*** EXERCISE MATERIAL ***
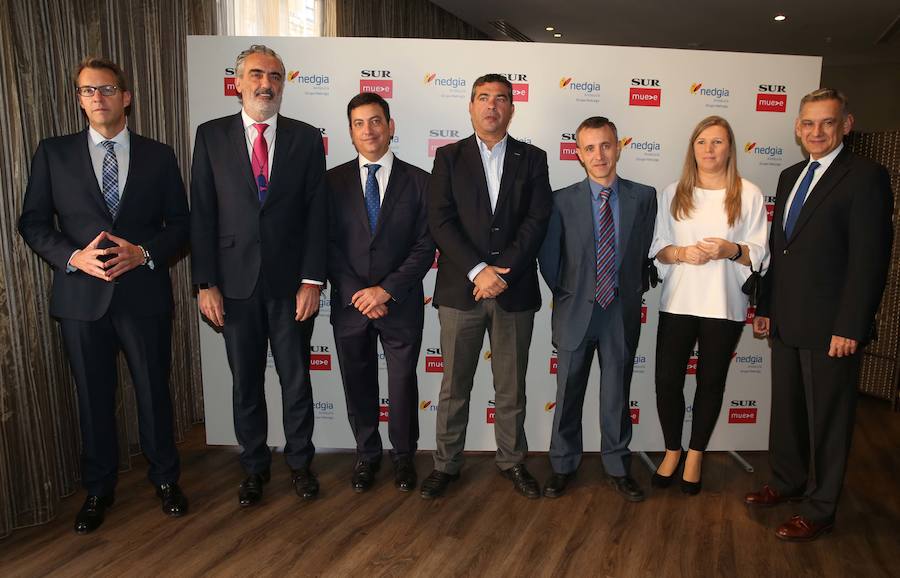 Fotos: Así ha sido la mesa redonda &#039;Gas natural, sostenibilidad y eficiencia energética en el sector turístico&#039;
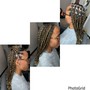 Start Micro/Sister Locs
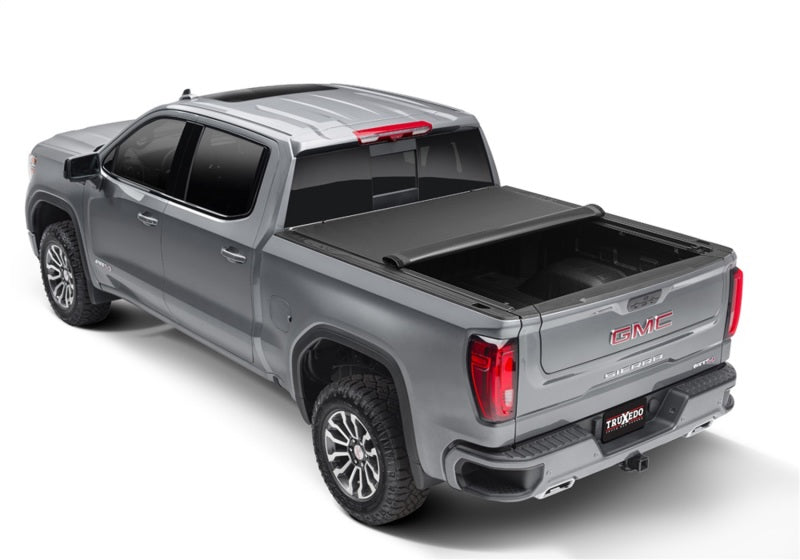 Truxedo 19-20 GMC Sierra & Chevrolet Silverado 1500 (New Body) w/Tailgate 5ft 8in Pro X15 Bed Cover 1473401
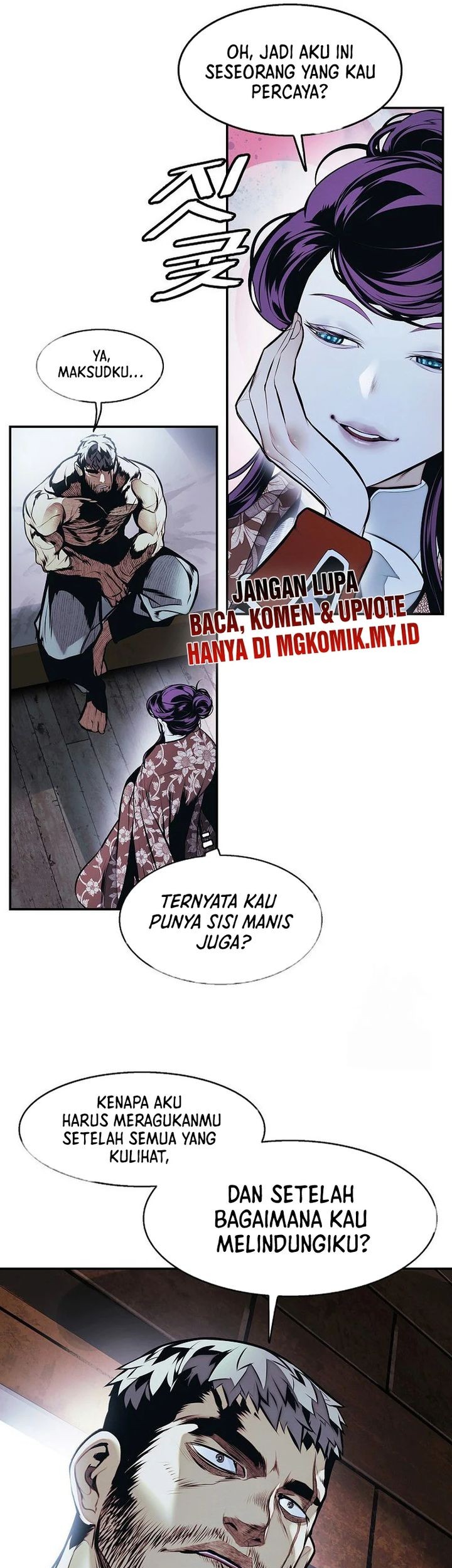 Dark Lady Isekai Chapter 253 Gambar 24
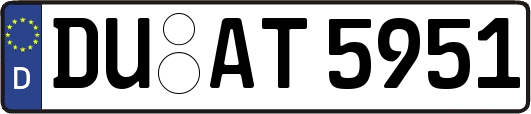 DU-AT5951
*** End of EXERCISE MATERIAL ***
■ **WHAT IS NEEDED**: Retype, exactly as written, each line from the one containing "Truxedo 19-20 GMC" through the end of the data above, and leave out every picture.

■ **EXERCISE OUTPUT**:
 Truxedo 19-20 GMC Sierra & Chevrolet Silverado 1500 (New Body) w/Tailgate 5ft 8in Pro X15 Bed Cover 1473401
 Dark Lady Isekai Chapter 253 Gambar 24
 DU-AT5951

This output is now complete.